I am going to a really exciting conference this week: Allume.  It will be a great spiritual refreshing.  It will be a time of amazing fellowship.  It might even inspire my writing (that might be good, huh?).

But leaving my family is hard.  Traveling alone is exciting, and a little nerve-racking.  But the hardest part about going to a conference is whenever one comes around, I tend to fall off the exercise and diet roller-coaster wagon .

Conferences.  Family vacations. Holidays…Big events knock me off balance.  So when I get back–starting Monday–I will be rebooting (again).  This year I have had more than a little trouble being consistent in the diet and exercise department.  This has me thinking about my goals.

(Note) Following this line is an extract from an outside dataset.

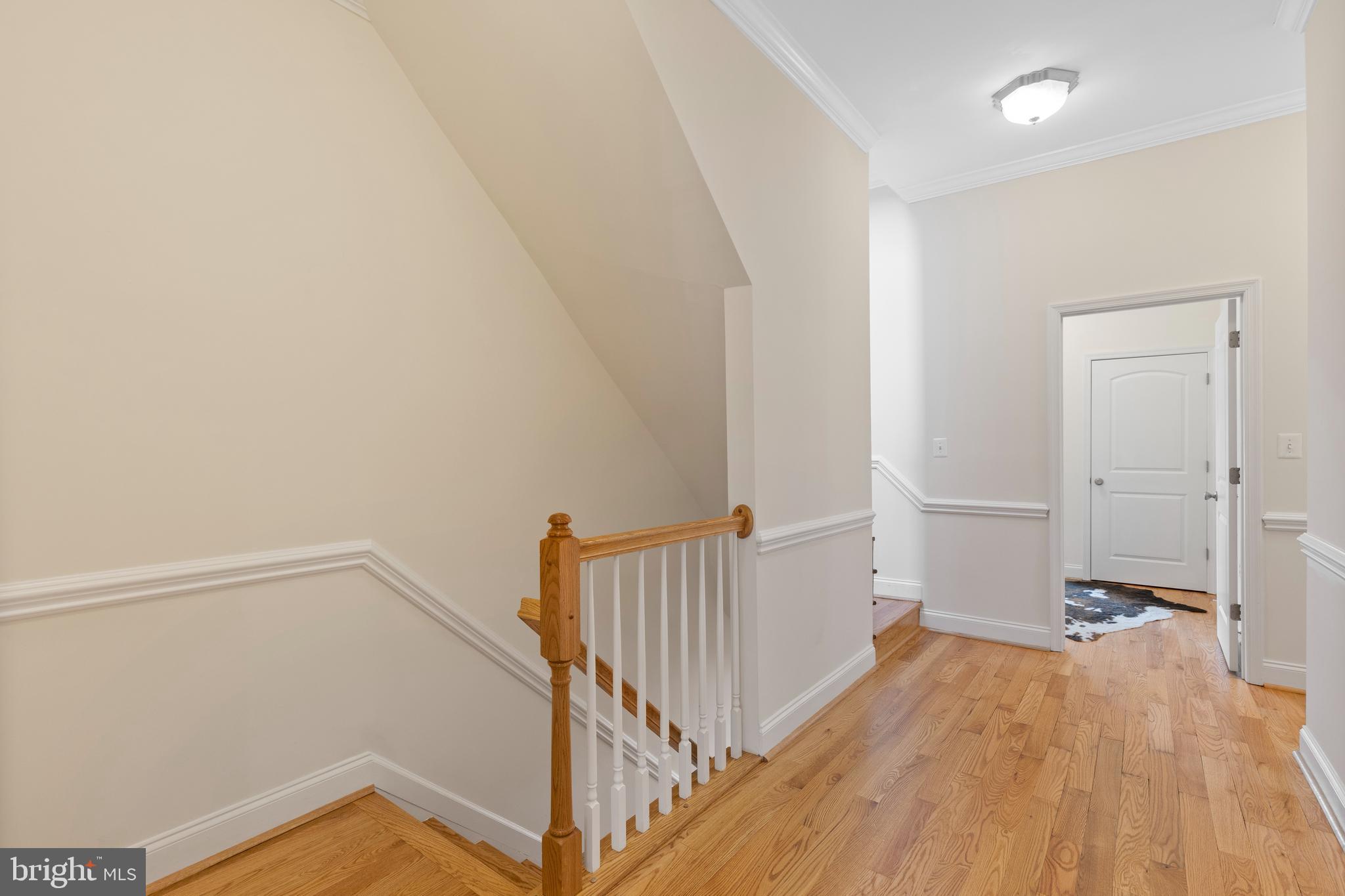 1125 Race Street Baltimore, MD 21230 - Photo 17 of 43 a view of a hallway with wooden floor and staircase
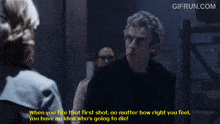 a gif from gifrun.com shows a man and woman talking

And yesterday I talked about Goals.  The point is we should allow our goals to be informed by God’s ways, rather than our own.  So, what if you need to make a healthy change and you feel like it aligns with God’s goals, but you are not sure how to start?  Well, that is what I want to look at this whole week.

For sure, the Holy Spirit is the change agent:

Now the Lord is the Spirit, and where the Spirit of the Lord is, there is freedom. And we all, with unveiled face, beholding the glory of the Lord, are being transformed into the same image from one degree of glory to another. For this comes from the Lord who is the Spirit (2 Cor 3:17-18).

But there is also something to knowing about what makes people tick.  A few years ago, I was do research on the idea that it takes 21 days to form habit.  You’ve heard that, right? I heard that waayyyy back in college, and have many times since then.  Turns out, that isn’t true!  Click here to read about that myth being busted.

Whether you want to quit or start something,
what you need is a new habit.

So anyway, a few years ago, when I looked into how to people can change habits, I ran across this research by UCLA professor B.J. Fogg; it’s called Tiny Habits.  He says:

Only three things will change behavior in the long term.

Option A. Have an epiphany
Option B. Change your environment (what surrounds you)
Option C. Take baby steps

Dr. Fogg also says the two factors you can control are (1) changing your environment and (2) taking baby steps.  He has a support program to help you implement change, by way of adopting 3 tiny habits for a 5 day period.  He provides email support and shares tips to encourage success.  He also collects data about your progress toward developing the tiny habits.  He opens a new challenge every week.

You can sign up for the next challenge, or read more about it, here.  I am signing up for next week’s challenge (October 27-31).  Once I am back from my trip, I will out of excuses for a few weeks.  And that means I should jump right into some healthy (tiny) habits!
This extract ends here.